In reality, learning what to do for exercise according to your goals actually presents the biggest roadblock for most people, but keep in mind that anything you do is better than nothing at all. Changes in your body and weight loss success will happen when you commit to regular exercise and gradual lifestyle changes.
The first step is to make your mind up to exercise, but be mentally prepared to ask your body to do just a little more than it is accustomed to each time you workout. If weight loss is your goal, it is best to optimize your efforts by eating a sensible diet. The bottom line when it comes to losing weight is that calories consumed must be less than calories expended in order to eliminate stored body fat.
For long term sedentary people, men and women over 40, or any one with a history of health problems or injuries, it is important to allay any fears by first obtaining clearance from your health care provider to ensure that there are no risks in starting an exercise program.
Once the okay has been given, the next step is the important one, but perhaps the hardest to take – starting an exercise program.
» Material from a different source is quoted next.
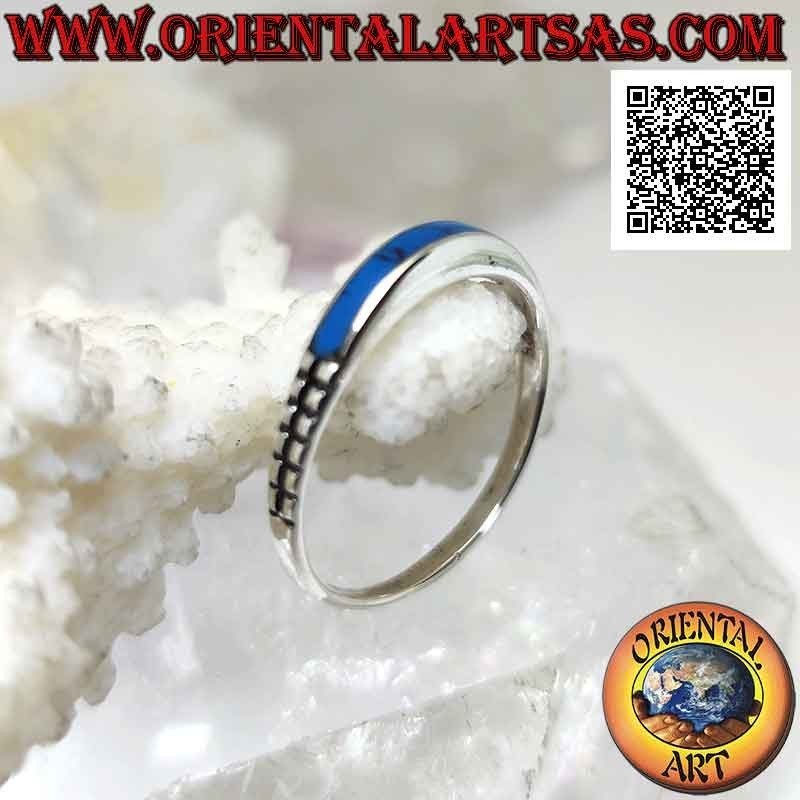 Bague en argent avec turquoise rectangulaire saillante d'un côté et gravures de l'autre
If you are self motivated, exercising on your own is certainly an option. But for many, it means getting up the nerve to open the door to a fitness facility for the very first time.
Non-exercisers often assume that they have to be somewhat fit to join a fitness facility and they have a fear that people will judge them harshly if they are overweight or don’t know exactly what they are doing. But the first truth is that you are just as likely to subject yourself to judgments when you stand in line with a loaded grocery cart at the supermarket. The second truth is that everyone – even the fittest of the fit – has experienced a moment of insecurity when contemplating trying something new.
Put aside any assumptions that people who work out at fitness centers are simply there to stare, gawk or judge you by the way you look or any lack of knowledge. Know that you are just as entitled to be there as anyone else. The third truth is that most people who frequent fitness centers have their own personal fitness success story to tell. They are simply ahead of you in the game, but they know exactly how you feel.
The fourth truth is that fitness centers are filled with individuals who are willing to help you find your way. Take the opportunity to meet other people. Not only can you learn from others, but it can give you an important sense of belonging. When you make a connection with someone who can empathize and support you in your efforts, you will be more likely to adhere to your regular workouts.
Learning how to exercise according to your goals and to safely use fitness equipment is the most significant challenge. If a lack of knowledge keeps you from venturing into a facility filled with strange looking machines and equipment, you need only to ask for assistance in getting started. If fitness is a totally new concept for you, seeking direction from a personal trainer in developing a workout plan suited to your specific needs can put you on the fast track to success.